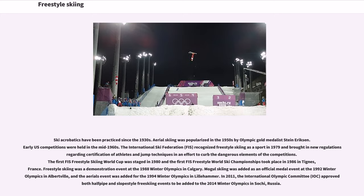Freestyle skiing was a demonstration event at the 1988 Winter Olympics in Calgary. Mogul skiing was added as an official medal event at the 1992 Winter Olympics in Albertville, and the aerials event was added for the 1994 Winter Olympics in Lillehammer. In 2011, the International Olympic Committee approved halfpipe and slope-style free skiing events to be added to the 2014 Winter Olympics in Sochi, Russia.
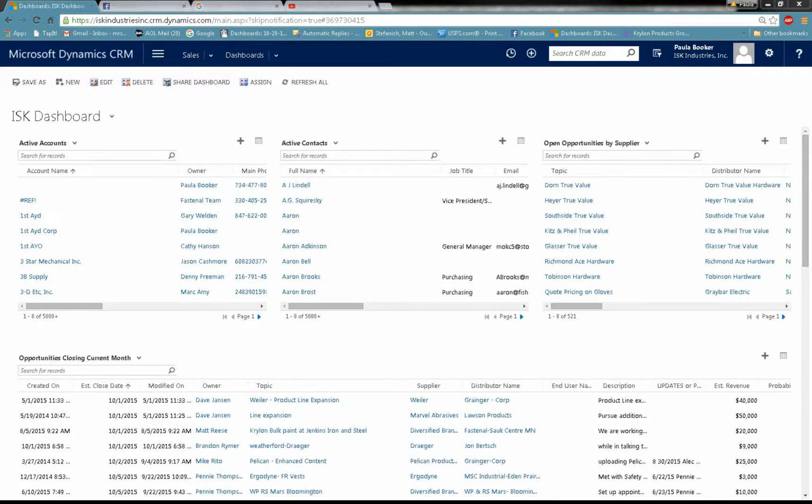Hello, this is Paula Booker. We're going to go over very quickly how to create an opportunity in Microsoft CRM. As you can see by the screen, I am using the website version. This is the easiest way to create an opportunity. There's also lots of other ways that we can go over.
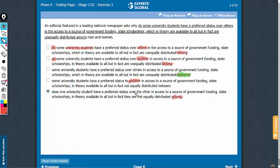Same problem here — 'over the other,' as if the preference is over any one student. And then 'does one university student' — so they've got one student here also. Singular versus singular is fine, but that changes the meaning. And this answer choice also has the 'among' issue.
-- -- --
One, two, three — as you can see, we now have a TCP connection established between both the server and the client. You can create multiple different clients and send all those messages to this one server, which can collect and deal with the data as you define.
-- -- --
--- What the task requires ---
Could you output exactly the lines above, from the line with "Hello, this is" up to and including the line with "Same problem here", and nothing else, skipping the pictures?

--- Answer space ---
Hello, this is Paula Booker. We're going to go over very quickly how to create an opportunity in Microsoft CRM. As you can see by the screen, I am using the website version. This is the easiest way to create an opportunity. There's also lots of other ways that we can go over.
Same problem here — 'over the other,' as if the preference is over any one student. And then 'does one university student' — so they've got one student here also. Singular versus singular is fine, but that changes the meaning. And this answer choice also has the 'among' issue.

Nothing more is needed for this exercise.